Революционеры антикварных времен любили декламировать слово «народ». Это он, «народ», «восстал против тиранов», казнил королей и мистическим образом избирал Робеспьеров. Потом, с ростом науки и техники, вместо народа стали фигурировать «трудящиеся». Затем, с дальнейшим прогрессом науки, техники и философии, из сонма трудящихся выпали такие тунеядцы, как крестьяне, фермеры и вообще все, в поте лица своего добывающие для нас хлеб наш насущный. Остались одни «пролетарии». В дальнейшем ходе историко-философских концепций стал дифференцироваться и пролетариат: пролетариат просто и пролетариат революционный. «Сознательный пролетариат», как его называли в России ДО 1917 года. «Лумпенпролетариат», как его квалифицировали правые круги в Германии. Биологические подонки больших городов, как его квалифицирую я.

В той схеме, которую нам вдалбливали в то время в университетах Европы — на смену «буржуазной революции» с неизбежностью геологического процесса должна была придти пролетарская: четвертое сословие должно смести третье. Вся сумма гуманитарных наук последнего столетия, в сущности, только то и делала, что готовила пролетарское продолжение буржуазной революции. Подготовка была проделана настолько основательно и научно, что даже и сейчас м-р Бэвин и тов. Молотов никак не могут договориться: так кто же из них является настоящим пролетарием? Точно так же, как геноссе Гитлер и товарищ Сталин никак не могли договориться: так кто же из них является настоящим социалистом? Окончательное определение будет, по всей вероятности, принадлежать владельцам наиболее дальнобойных орудий. И за все это будет платить своей кровью и своим потом именно пролетариат.

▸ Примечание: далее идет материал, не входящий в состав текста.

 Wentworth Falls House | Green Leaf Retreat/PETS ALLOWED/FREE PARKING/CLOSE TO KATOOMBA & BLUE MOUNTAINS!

Современный рабочий класс Европы играет прискорбную роль того ребенка, у которого, по русской пословице — семь нянек и который поэтому остается без глаза. С пролетариатом нянчатся все. Все его опекают, все его воспитывают, все ему льстят и все ему врут. И от всего этого он остается без хлеба, без крова и без штанов. И на его шею садятся французские бесштанники, немецкие фашисты или русские коммунисты. Няньки исчезают — они заменяются держимордами. Трудящийся класс перестает быть теоретическим мессией — он становится бандой прогульщиков, лодырей, саботажников и вредителей, которой нужны: «ярмо, погонщик и бич» — появляется и то, и другое, и третье. В стране самого последовательного социализма — в СССР — рабочий за двадцатиминутное опоздание к станку подвергается тюремному заключению, и не по приговору суда, а по постановлению партийной полиции. Русский пролетариат, в результате своих всемирно-исторических побед, опустился до положения раба на ямайских плантациях середины прошлого века. Его, правда, не бьют плетьми — это было бы несовременно. Но ямайские плантаторы не расстреливали своих рабов: это было бы слишком дорого, раб стоил денег, пролетарий не стоит ни копейки. Над ним нет владельца, как над ямайским рабом, над ним нет босса, как над американским рабочим, но над ним возвышается платный, строго централизованный бюрократический погонщик Якобинской, фашистской или коммунистической партии. Этот погонщик спуска не даст — хотя бы по одному тому, что и ему партия спуска не даст. Ибо он, погонщик, является только бессловесным бичом в руках Вождя.